L’amour avec le public
Tout aurait pu s’arrêter là. La maturité aidant, j’ai pris plaisir dans des rencontres, des discussions en petits comités, des amitiés, et les nécessités de communiquer avec mes collègues et mes élèves. J’ai pris plaisir à parler librement à des amis proches de qui je ne sentais aucun jugement. J’ai appris à parler en public, sans en retirer aucune satisfaction.
J’ai arrêté de chanter sauf dans le cadre de mon travail, pour donner des exemples mélodiques, ou quand j’enseignais la formation musicale pour accompagner la classe. Je n’avais pas envisagé de devenir musicien professionnel. Encore moins chanteur. Je n’avais ni le sentiment que c’était possible, ni l’impression que ça intéresserait quelqu’un, ni la conscience que j’avais des choses à exprimer.
D’abord j’ai franchi le cap de devenir musicien en musiques actuelles en entrant en tant que bassiste dans un groupe qui marchait très fort au début des années 90 : Realta. De fil en aiguille, j’ai joué d’autres instruments dans ce groupe et j’ai commencé à chanter en réponse (en kan ha diskan, une excellente école de style) ou en deuxième voix, puis sur quelques chants leads, en particulier sur mes premières compositions. Je n’avais pas réalisé à l’époque que ce qui me poussait à chanter mes chansons, c’était l’envie d’apporter mon interprétation de mes paroles. D’ailleurs je n’avais même pas réalisé que j’écrivais des chansons pour dire quelque chose. Nous avions besoin de renouveler le répertoire, j’avais des mélodies plein la tête, et j’ai donc écrit des paroles pour aller dessus.
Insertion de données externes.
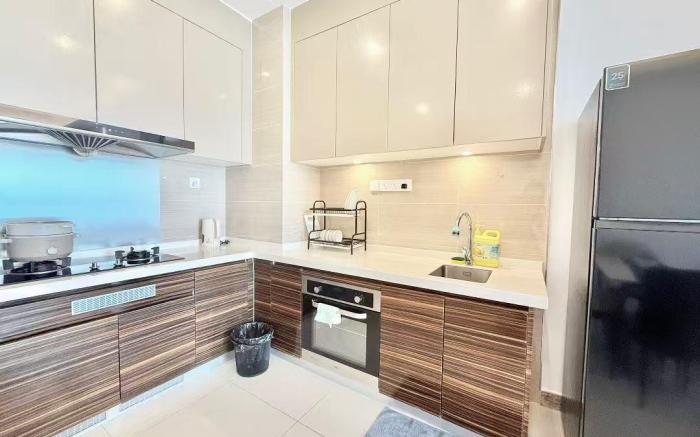 R&F Seaview 2Bed2Bath by Xin An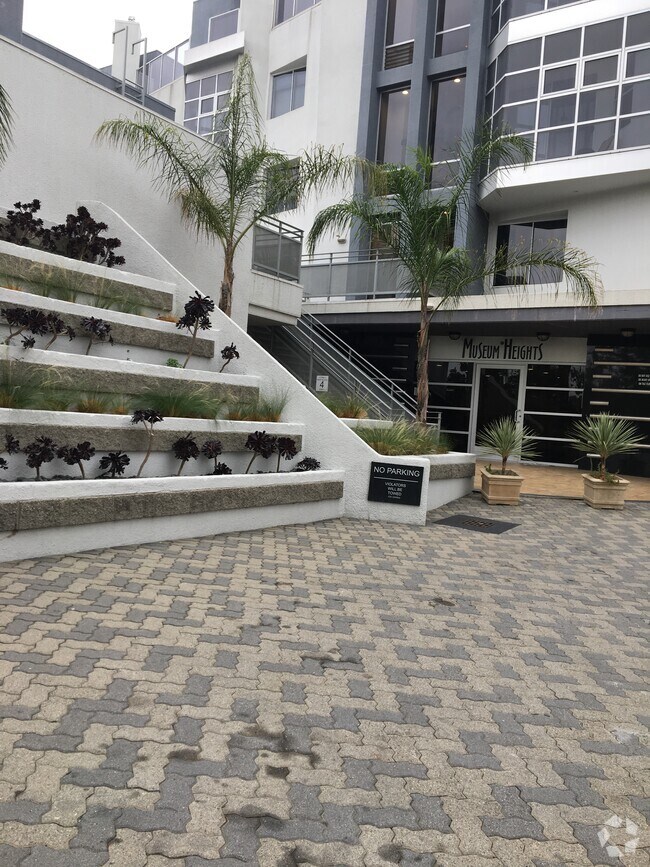 Brentwood Circle Apartments for Rent with Parking Los Angeles, CA 1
Je devrais dire dessous plutôt. Dans le fond j’avais déjà envie d’exprimer des choses personnelles, comme par exemple cette chanson qui s’inspire d’une personne de ma famille :
Comme on l’entend facilement, j’ai construit à cette époque une voix par imitation de voix qu’on entendait alors en musique celtique. Ici en particulier l’influence de Soldat Louis se fait sentir. On entend bien la diction surfaite dont je parlais plus haut, qui m’a accompagnée un long moment. Cette chanson marque aussi l’arrivée du slack, ou fry vocal dans mes choix artistiques de chanteur lead. Cette technique était complètement absente dans mes expériences de choriste ou de diskaner (déchanteur, j’adore ce mot qui résume bien la vie de musicien en groupe). Elle réapparaitra plus tard en chanson de marins. Aujourd’hui c’est une technique qui m’amuse et m’inspire beaucoup, surtout depuis que j’ai appris à en mesurer les difficultés, les avantages et les risques.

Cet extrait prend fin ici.